Zwei, drei Sekunden vergingen wie zähe Ewigkeiten, dann, ganz plötzlich, erschien ein neues, blauweißes Licht am Himmel, begleitet von einem dumpfen, vibrierenden Summen, wie elektrischer Herzschlag, der aus allen Richtungen zugleich zu kommen schien. Bach kniff die Augen zusammen und zwang sich, weiter in das mittlerweile schmerzhaft grelle Licht zu blicken.
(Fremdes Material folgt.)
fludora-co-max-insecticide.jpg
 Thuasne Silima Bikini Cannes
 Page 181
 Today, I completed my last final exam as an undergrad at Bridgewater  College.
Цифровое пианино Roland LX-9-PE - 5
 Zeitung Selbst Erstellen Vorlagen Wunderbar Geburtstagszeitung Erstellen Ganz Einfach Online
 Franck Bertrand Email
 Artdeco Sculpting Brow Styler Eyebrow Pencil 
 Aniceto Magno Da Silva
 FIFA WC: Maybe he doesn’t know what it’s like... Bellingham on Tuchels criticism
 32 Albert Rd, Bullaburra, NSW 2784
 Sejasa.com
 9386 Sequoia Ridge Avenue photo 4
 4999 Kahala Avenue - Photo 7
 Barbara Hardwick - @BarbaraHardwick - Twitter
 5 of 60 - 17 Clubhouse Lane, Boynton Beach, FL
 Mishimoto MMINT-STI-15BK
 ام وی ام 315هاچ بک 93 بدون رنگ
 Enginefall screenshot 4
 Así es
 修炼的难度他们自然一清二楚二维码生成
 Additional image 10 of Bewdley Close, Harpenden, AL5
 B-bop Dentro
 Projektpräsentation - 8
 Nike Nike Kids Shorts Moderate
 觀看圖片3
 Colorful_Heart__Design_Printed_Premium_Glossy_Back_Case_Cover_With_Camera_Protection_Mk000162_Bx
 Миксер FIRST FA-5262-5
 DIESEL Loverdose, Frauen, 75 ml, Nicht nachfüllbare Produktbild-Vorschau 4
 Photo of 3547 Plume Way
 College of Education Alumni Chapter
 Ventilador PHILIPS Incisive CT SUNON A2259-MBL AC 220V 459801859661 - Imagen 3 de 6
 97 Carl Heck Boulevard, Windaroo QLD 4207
Über dem blauen Glosen schwebte ein gewaltiger Umriss, eine riesige, dreieckige Scheibe, die sich in beständiger, zitternder Bewegung zu befinden schien, obwohl sie gleichzeitig stillstand. Das Schiff war nicht so gigantisch, wie er im ersten Moment angenommen hatte, aber es war trotzdem riesig.

»Was zur Hölle...«, murmelte Truman.

Das Schiff sank langsam tiefer und kam fünfzehn oder zwanzig Meter über dem Lager zum Stillstand. Sein elektrischer Herzschlag wurde lauter. Bach spürte, wie sich die feinen Härchen auf seinem Handrücken und in seinem Nacken aufstellten. Der Sand unter seinen Füßen begann zu wispern. Dann, ganz langsam, öffnete sich in der Mitte der drei Lichter ein weiteres, funkelndes Auge. Eine Tür.

»Wir haben Kontakt«, sagte Bach leise.